Belmontes’s penalty phase presentation was entirely composed of such evidence. The witnesses who testified on his behalf spoke to his religious convictions and his behavior while a ward of the California Youth Authority (“CYA”) — all of which goes to his background and character before he murdered Steacy. While the majority attempts to paint such evidence as showing that he would be a model inmate if sentenced to life in prison, the testimony as actually presented deals exclusively with his character prior to the crime. In fact, not one witness who testified during the penalty phase testified to Belmontes’s behavior after the murder.

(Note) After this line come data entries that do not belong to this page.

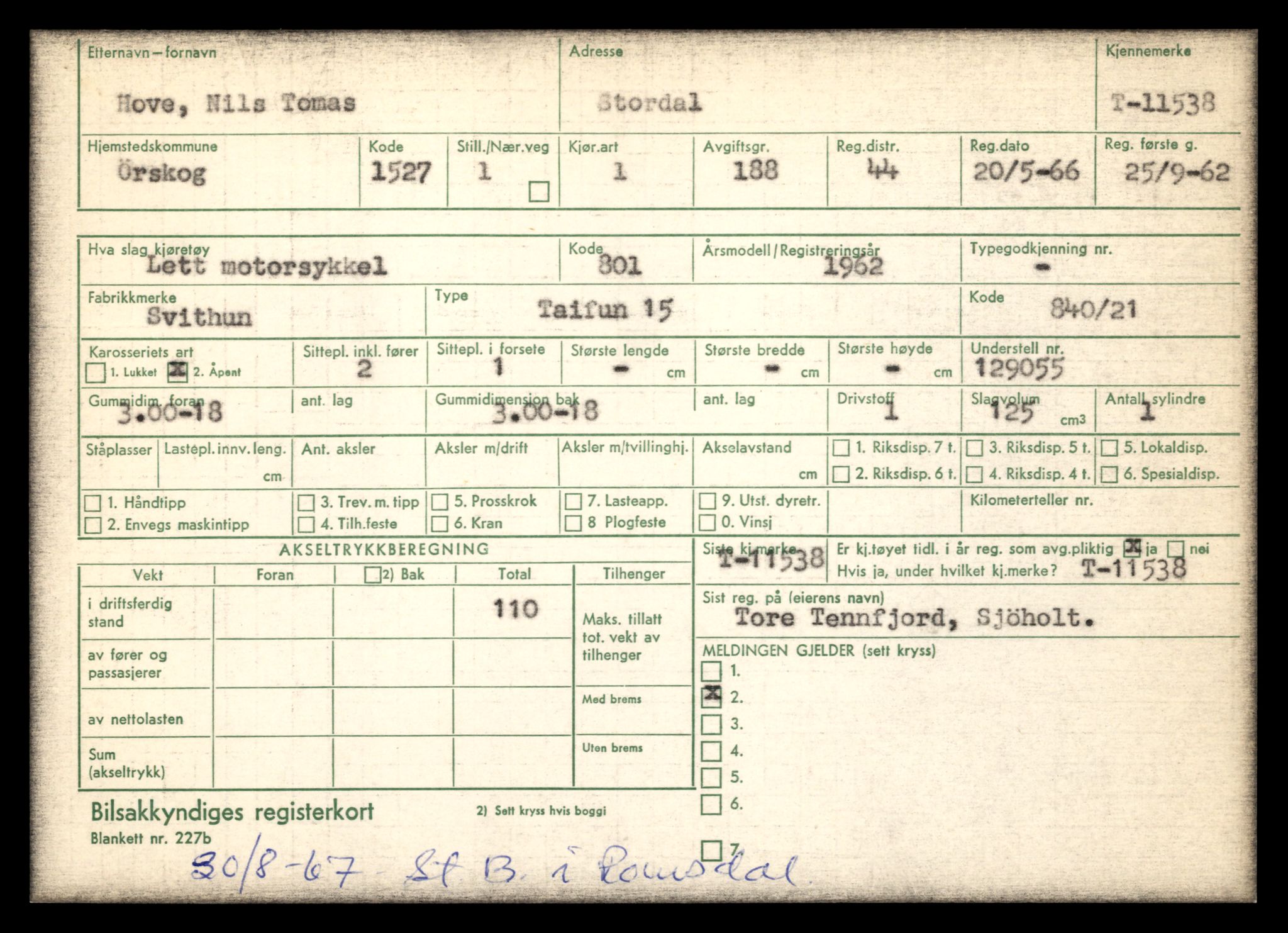 Møre og Romsdal vegkontor - Ålesund trafikkstasjon, AV/SAT-A-4099/F/Fe/L0029: Registreringskort for kjøretøy T 11430 - T 11619, 1927-1998, p. 1932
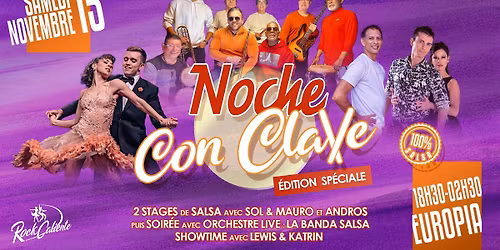 Noche Con Clave | Soir\u00e9e Salsa avec orchestre \u00e0 Europia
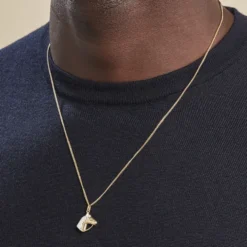 Pendentif Hillel Cheval Or Bicolore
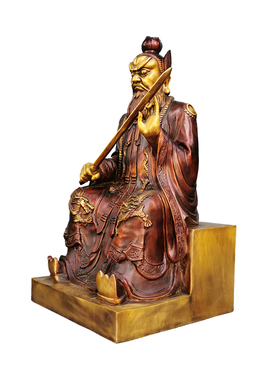 张天师摆件纯铜大号张道陵祖师爷坐铜像高明大帝祖师爷桌面铜摆件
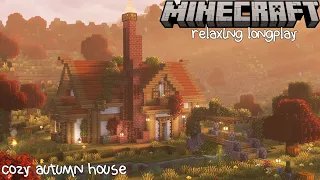 Cozy Autumn House - Minecraft Relaxing Longplay (No Commentary)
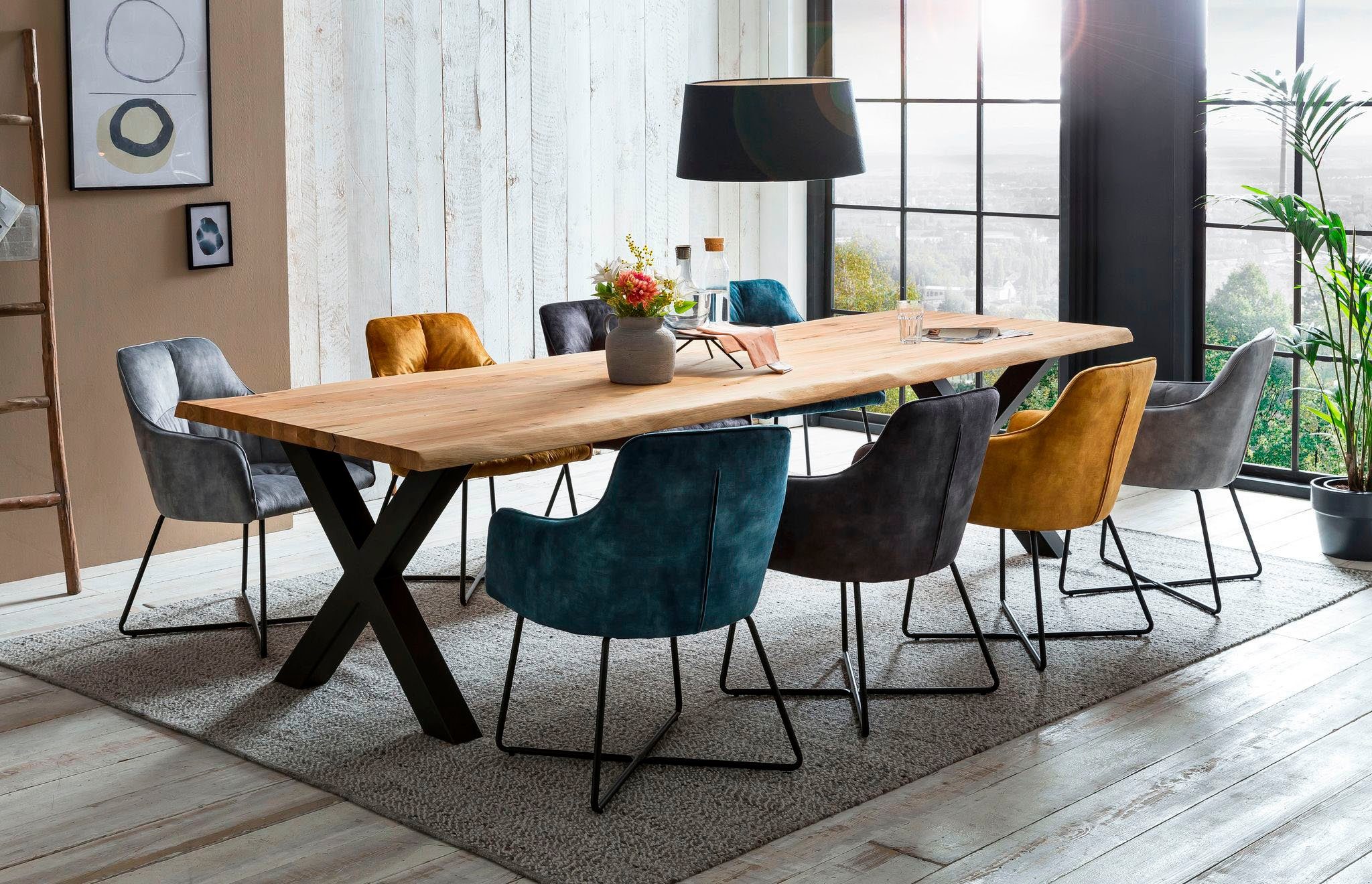 Home affaire Esstisch Tristan, mit Baumkante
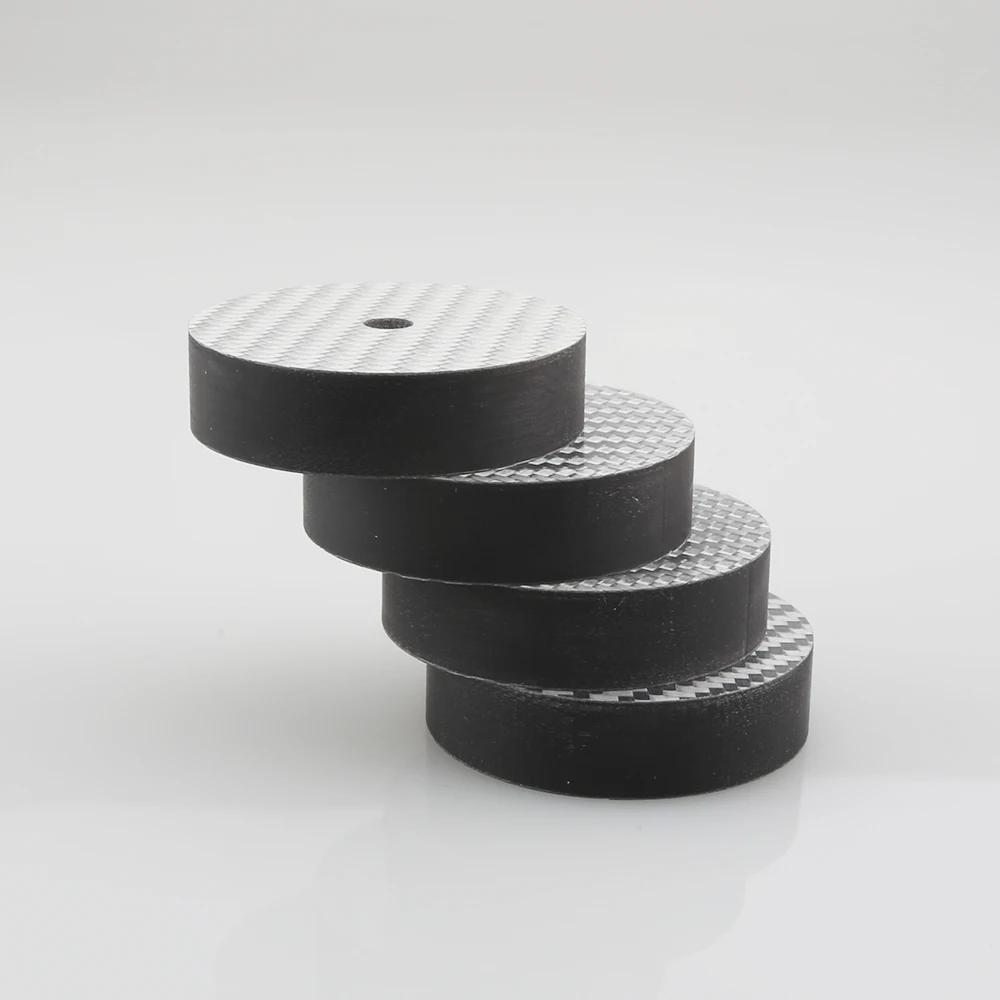 CF4010W, белая изоляция для колонок из углеродного волокна, 40x10 мм, базовая колодка с шипами, башмак Hifi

By deftly labeling such testimony as “post-crime” mitigation evidence, the majority attempts to fit within the scope of Payton v. Woodford, 299 F.3d 815, 824-25 (9th Cir.2002) (en banc), vacated on other grounds by 123 S.Ct. 1785 (2003), on remand at 346 F.3d 1204, 2003 WL 22383147 (9th Cir. Oct.20, 2003) (en banc). Such attempt cannot work because Payton involved actual post-crime evidence — Payton’s conversion to Christianity following his crime. Here, all of the evidence related to Belmontes’s character before he committed his crime. Belmontes’s religious conversion and ability to conform to prison are exactly the types of evidence which the Supreme Court held fit within the plain language of factor (k). See Boyde, 494 U.S. at 382, 110 S.Ct. 1190 (holding that Boyde’s strength of character in the face of adversity was considered evidence which “excused” the gravity of the crime under factor (k)). Accordingly, under Boyde, the jury was able to consider and to give effect to all of Belmontes’s mitigating evidence. Nothing more was constitutionally required. Johnson v. Texas, 509 U.S. 350, 372-73, 113 S.Ct. 2658, 125 L.Ed.2d 290 (1993) (holding that “a jury [need not] be able to give effect to mitigating evidence in every conceivable manner in which the evidence might be relevant.”).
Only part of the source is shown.